This page has been added since the original workshop event.

Preparing Training Data for Random Forest

We need to train the Random Forest model (coming in the next section) by giving it examples of what each land cover looks like. We need to give the Random Forest model training data.

We will do this by gathering a sufficient number of training points (preferably 50-100 minimum) from each land cover. We could randomly look for examples across the study area, but we have a pre-exisiting land cover map that should give a decent starting point and make this data collection more efficient. The pre-existing map was for 2014, but it will be handy to distribute samples in classes according to that map. The final resulting training data may not have the same classes as the original map for all points, either because of map errors, or because the land cover has changed between 2014 and our year of interest. The pre-exisiting map is just an efficiency tool for data gathering.

Decision Making for the Data Collection

(Reminder from the Sampling Design Section) Sampling design considerations for ML algorithm training

For training machine learning algorithms, sampling design is critical to ensure that the data used to train the model covers the variability in the dataset, preventing overfitting or underfitting. Sometimes the full data set of samples is split into training and testing subsets to evaluate model performance, but separate sampling design for the validation data can also be done.
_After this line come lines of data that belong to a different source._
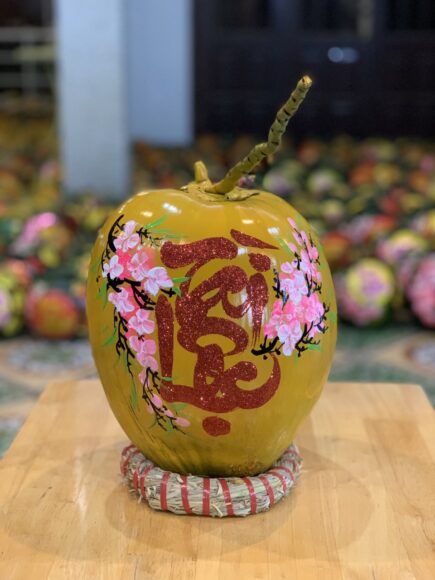 Vẽ dừa chưng tết tài lộc độc đáo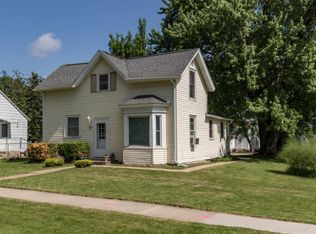 15 4th St W, Eyota, MN 55934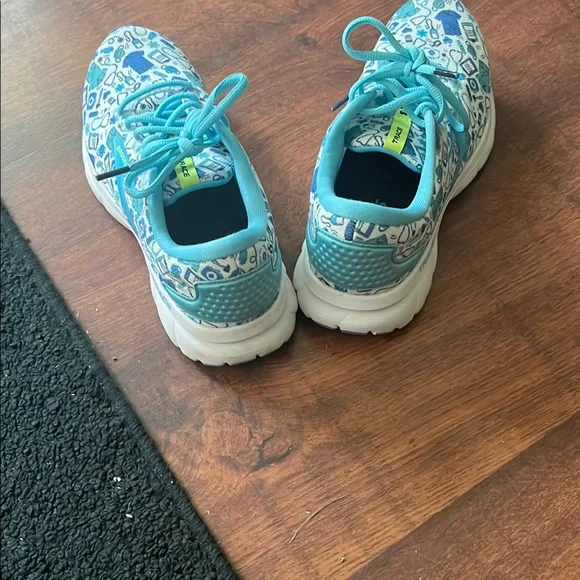 Blue Patterned Women’s Shoes - Picture 3 of 3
Anything you want the ML algorithm to learn, should be provided as an example in the training samples.

General rules of thumb to use for sampling design to gather training data for Random Forest:

A commonly cited rule is to have at least 10 times as many samples as there are features (variables) in the dataset to provide enough data for the model to learn meaningful patterns.
- Example: For 20 features, aim for at least 200 samples per class
Decide on a minimum number of samples per class:
- For simple problems, aim for 50–100 samples per class.
- For complex problems or high-dimensional datasets, aim for 500–1,000 samples per class or more.
Classes with fewer samples (minority classes) should have a minimum of 30–50 samples to ensure meaningful learning.
Highly variabile classs requires larger sample sizes to capture the diversity.

How Many Samples

Based on the logic above we will allocate 100 samples to each of the 10 classes in the original LC map. We do not need to place samples in the 0 class (no data) or 25 class (clouds), because we do not want the final map to include these classes. Note, there is no class 6.

The pre-exisitng map is on GEE as an asset: projects/pc556-ncs-liberia-forest-mang/assets/Liberia_landcover_forest_map_10m_v1_2014.

Numeric code	Class name
0	nodata
1	forest_80
2	forest_30_80
3	forest_30
4	mangroves
5	settlements
7	water
8	grassland
9	shrub
10	baresoil
11	sand
25	clouds

Distributing the Samples

We will use AREA2 (local version in our repository) to easily generate locations for these samples. The local version of the AREA2 user interface already references the map asset and correct spatial resolution. It also has the addition of allowing specification of a randomization seed. If you use the same seed you can re-generate the same set of ‘random’ points. If you change the seed you will have a new set of point locations.

See this recording from Workshop 3, that shows Crystal walking through the use of AREA2 (you can ignore the sections on proportional sample distribution from this recording, as we are just using 100).

Steps in AREA2

1. Open the [local version of AREA2[(https://code.earthengine.google.com/59d18ee712ce510ae5f99a1987af0e61) from the repository.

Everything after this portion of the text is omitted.